Sinar Merah Blog : ZONA ZERO DIALOG SUMUR_Sebuah Catatan Sederhana


ZONA ZERO DIALOG SUMUR


Kali ini kembali saya mencoba menggali sesuatu dari kenangan masa silam. Pada masa dimana masyarakat di lingkungan kami sangat mengandalkan sumur untuk memenuhi kebutuhan air bersih sebelum pipa-pipa PDAM mulai merambah hingga masuk ke dalam rumah-rumah kami.


Sebenarnya ada tiga sumur yang melayani kebutuhan air untuk 12 KK, yaitu dua buah sumur gali yang dibuat sejak saya belum lahir dan sebuah sumur bor dengan pompa manual yang dibuat belakangan ketika usia saya menginjak kelas satu SMP. Dua buah sumur gali yang saya sebut di atas tak cukup mampu untuk mencukupi kebutuhan air bersih sebab debit airnya kecil pun mutu airnya kurang baik untuk dikonsumsi, dan semenjak ada sumur bor kedua sumur gali tersebut hanya digunakan di saat musim penghujan saja (sekedar) untuk kebutuhan di luar dapur, mandi, dan cuci (lebih tepatnya sebagai 'ban serep').

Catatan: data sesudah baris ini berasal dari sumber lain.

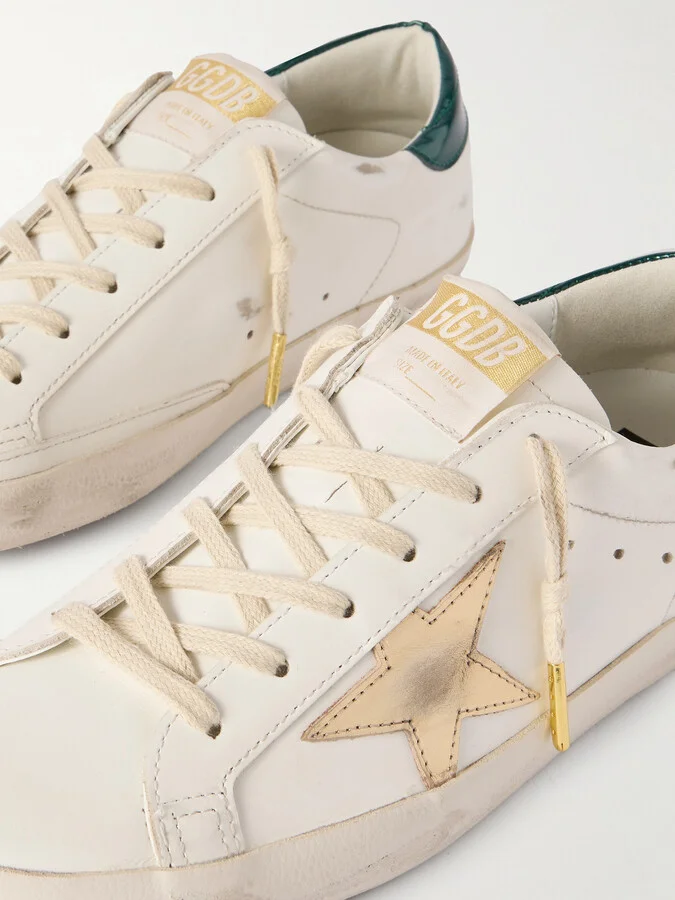 Golden Goose - Super-star Distressed Leather Sneakers - White - Image 4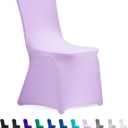 Peomeise Stretch Spandex Chair Cover for Wedding Party Dining Banquet Event (Lavender, 12)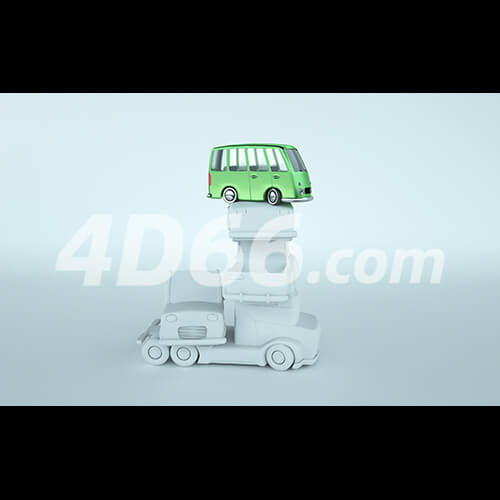 C4D卡通汽车模型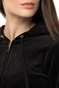 JUICY COUTURE-Γυναικεία βελουτέ ζακέτα με κουκούλα JUICY COUTURE VELOUR ROBERTSON μαύρη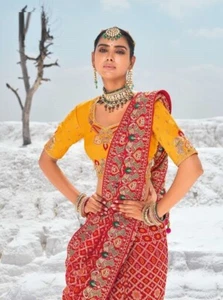 Red Bandhej Embroidered Pure Georgette Saree, Mirror, Moti & Cut Dana Work, Sari - Picture 1 of 10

Sumur bor dengan pompa manual dibuat atas semangat gotong-royong, mulai dari sharing pendanaan hingga pembangunan fasilitas pendukungnya berupa pelester melingkar dari semen abu-abu hingga pembuatan kanal pembuangan limbah air, semua dikerjakan secara rame-rame. Demikian pula untuk perawatan, perbaikan dan penggantian suku cadang yang sudah aus ataupun rusak.


Di sumur berpompa manual inilah setiap waktu dan setiap hari terjadi interaksi antar warga, dan saya adalah salah satunya. Sebagai ‘aktivis sumur’, saya (yang saat itu tergolong ke dalam usia remaja awal) setiap hari menyerap banyak informasi dari yang ringan hingga yang berat. Beragam topik dibahas dengan beragam ekspresi pula, kadang dengan canda gurau, kadang sangat serius, terkadang datar-datar saja, adakalanya setengah berbisik, tak jarang pula dengan suara bernada tinggi. Ada topik yang mudah saya pahami dan ada juga yang sulit untuk saya mengerti, atau bahkan sama sekali jauh dari pemahaman nalar anak seumur saya. Di sini saya pun mendapat pembelajaran dengan cara yang unik dan alamiah tentang banyak hal, terutama dalam belajar tata cara adab bermasyarakat. Di sini budaya eksklusif sedang dibangun dan terus bertumbuh secara dinamis, dengan keberagaman suku ataupun agama, adalah nuansa Nusantara kecil bagi saya. Di zona kecil ini pula banyak persoalan di antara kami bisa diselesaikan dengan cara yang sejuk.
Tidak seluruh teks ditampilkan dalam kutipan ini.